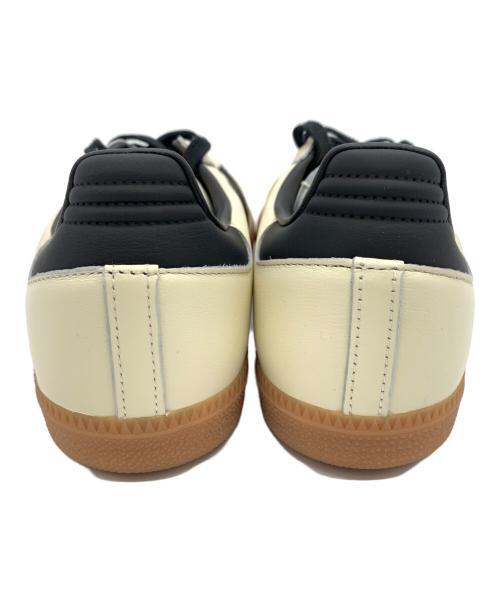 adidas（アディダス）adidas (アディダス) ローカットスニーカー ベージュ サイズ:US：8の古着・服飾アイテム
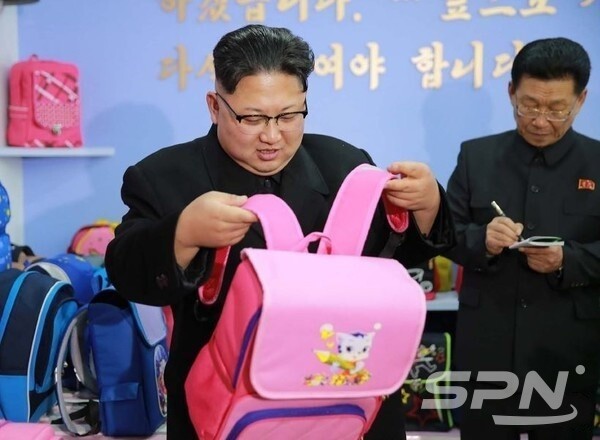 北, 최우수제품에 12월15일 품질메달...평성가방공장·송도원종합식료공장  등상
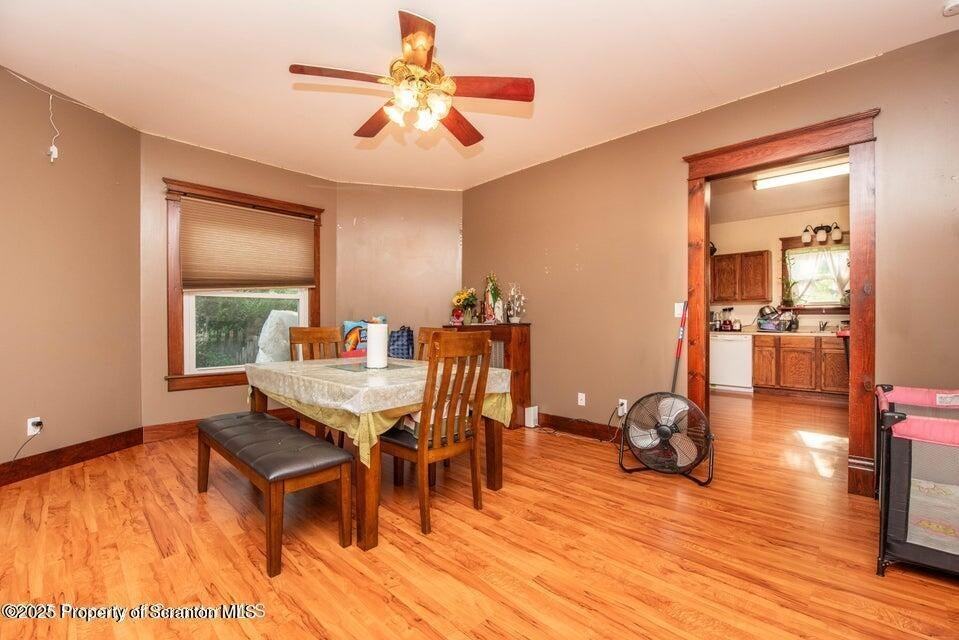 947 William St - Photo 4 of 27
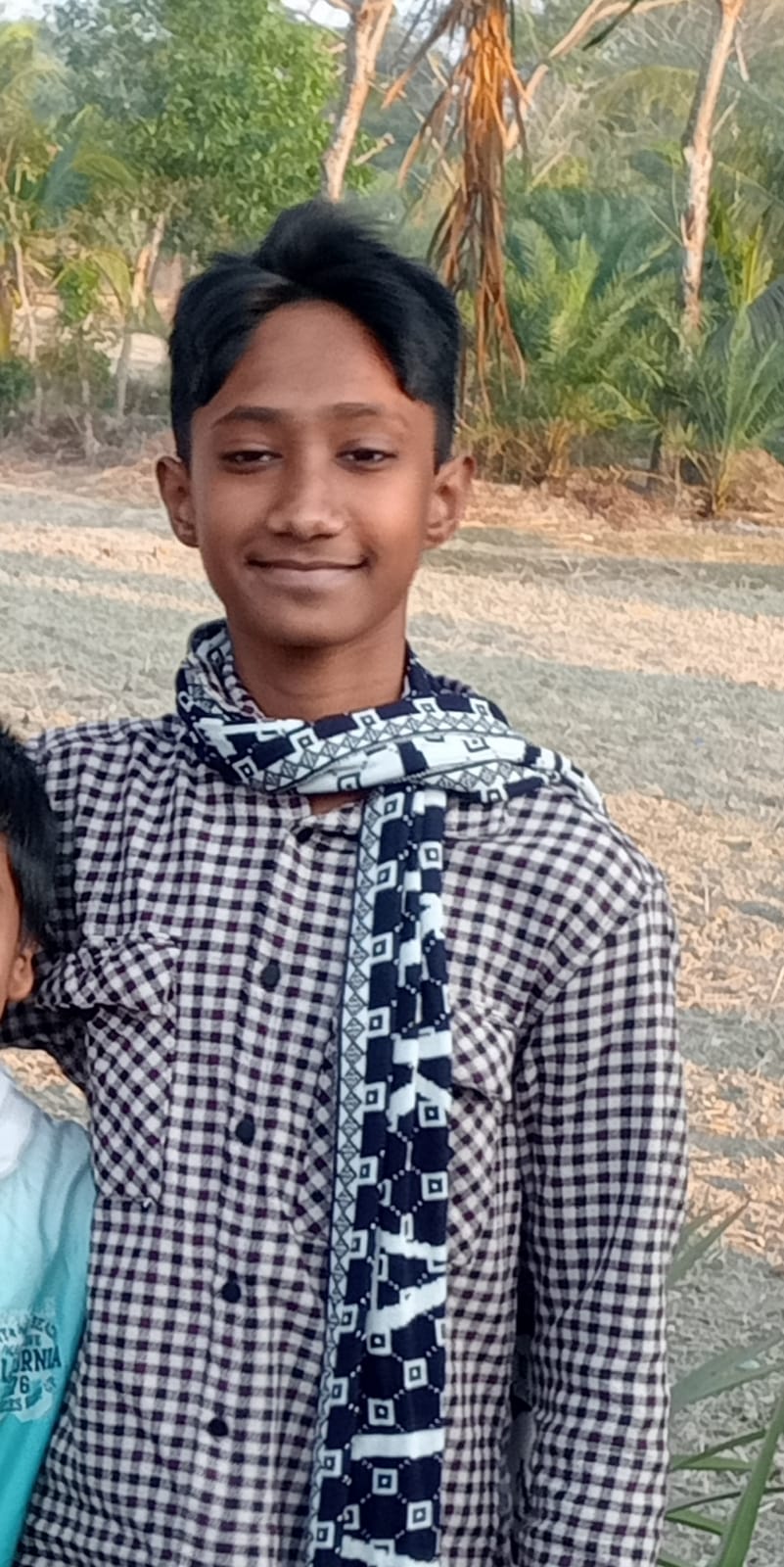 'আমাকে নিয়ে টেনশন করো না'-চিরকুট লিখে বাসা থেকে বেরিয়ে নিখোঁজ মাদরাসাছাত্র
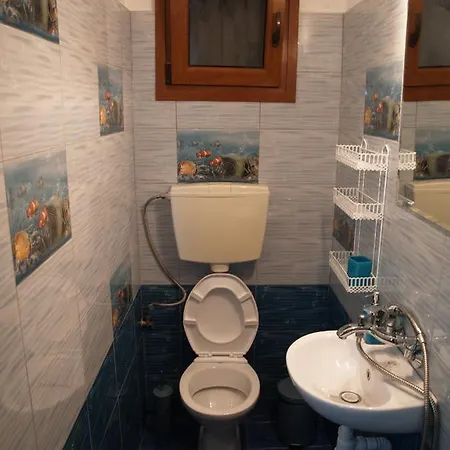 Ilioni House *
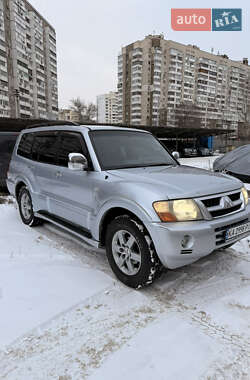 Внедорожник / Кроссовер Mitsubishi Pajero 2006 в Киеве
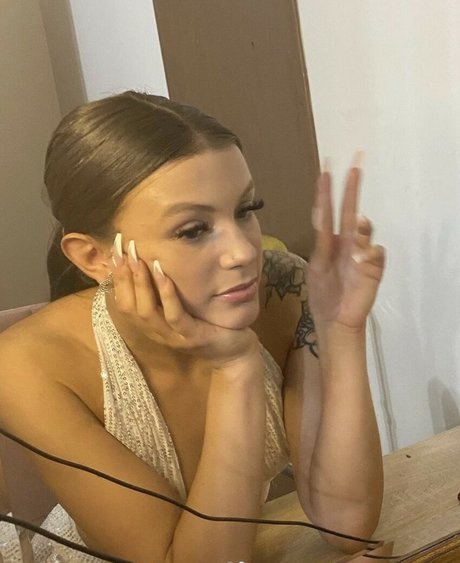 annalovesbanana schöne nette galerie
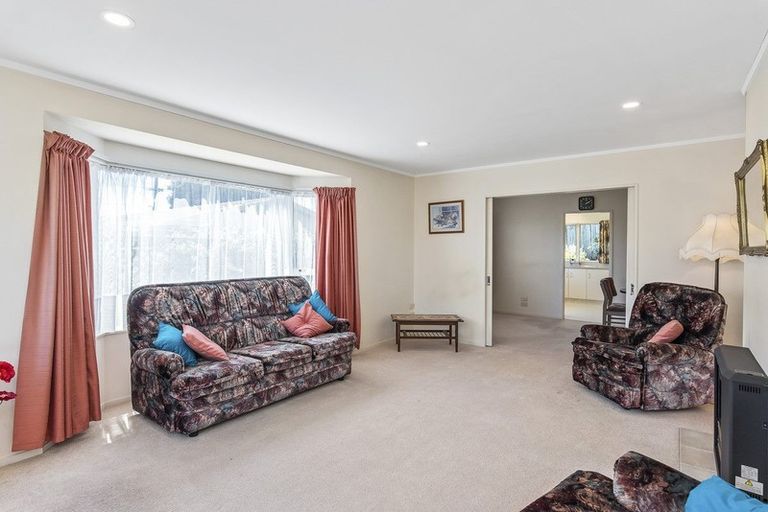 Photo of property in 126 Arawhata Road, Paraparaumu, 5032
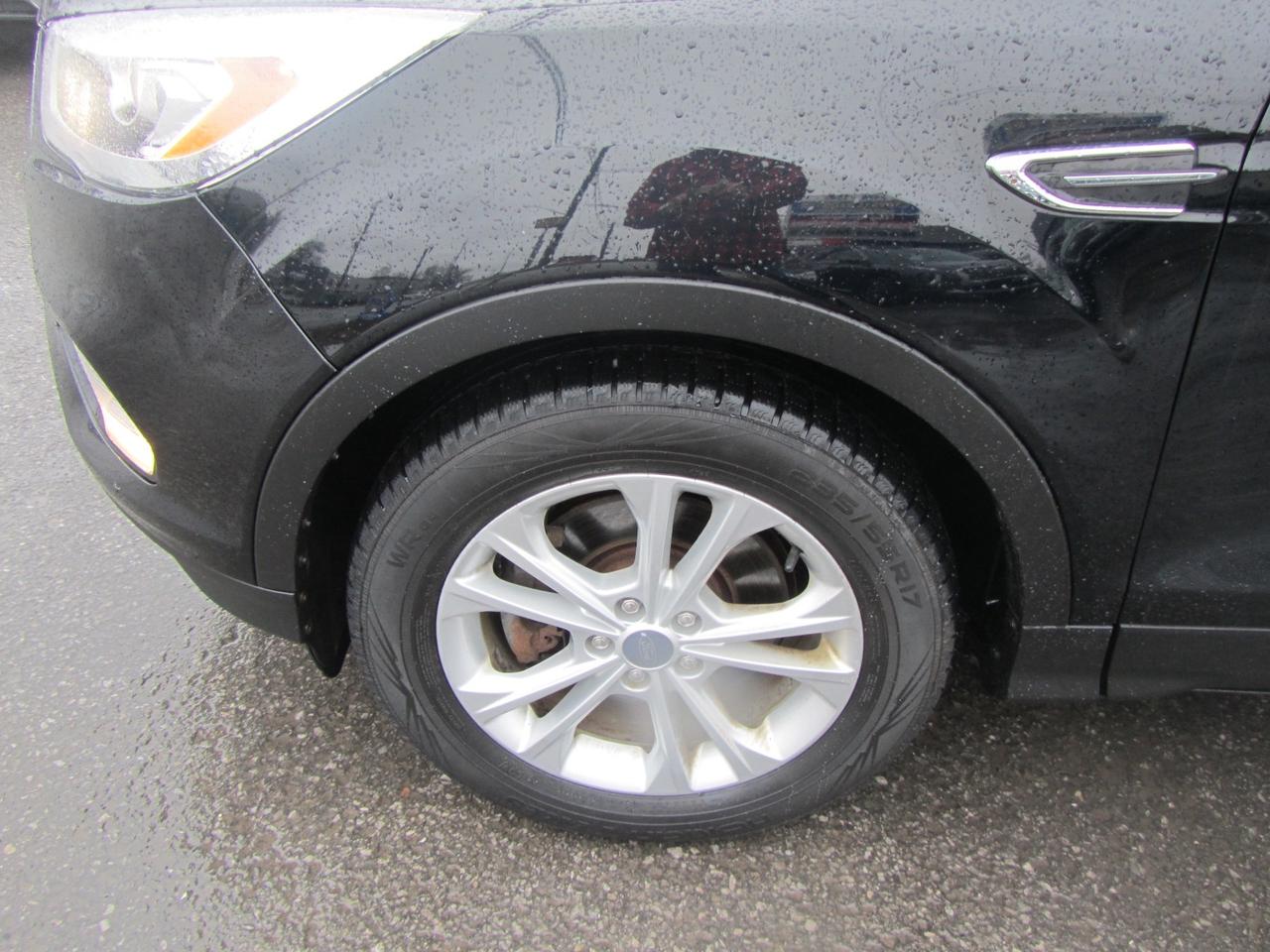 2017 Ford Escape SE FWD Photo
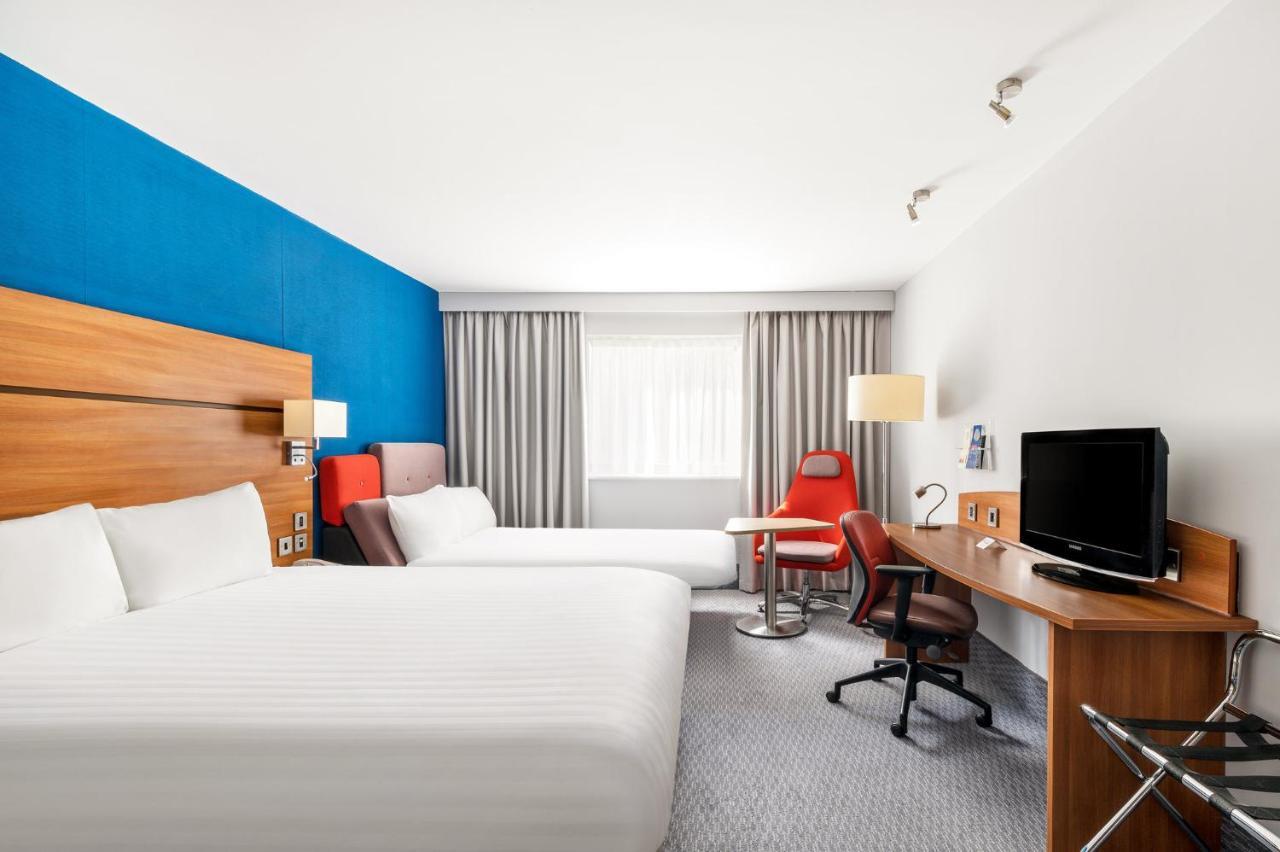 Holiday Inn Express Braintree By Ihg מראה חיצוני תמונה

——————

◆ **Goal of the exercise**: Reproduce the material word for word, pictures excluded.

◆ **Problem solution**:
 adidas（アディダス）adidas (アディダス) ローカットスニーカー ベージュ サイズ:US：8の古着・服飾アイテム
 北, 최우수제품에 12월15일 품질메달...평성가방공장·송도원종합식료공장  등상
 947 William St - Photo 4 of 27
 'আমাকে নিয়ে টেনশন করো না'-চিরকুট লিখে বাসা থেকে বেরিয়ে নিখোঁজ মাদরাসাছাত্র
 Ilioni House *
 Внедорожник / Кроссовер Mitsubishi Pajero 2006 в Киеве
 annalovesbanana schöne nette galerie
 Photo of property in 126 Arawhata Road, Paraparaumu, 5032
 2017 Ford Escape SE FWD Photo
 Holiday Inn Express Braintree By Ihg מראה חיצוני תמונה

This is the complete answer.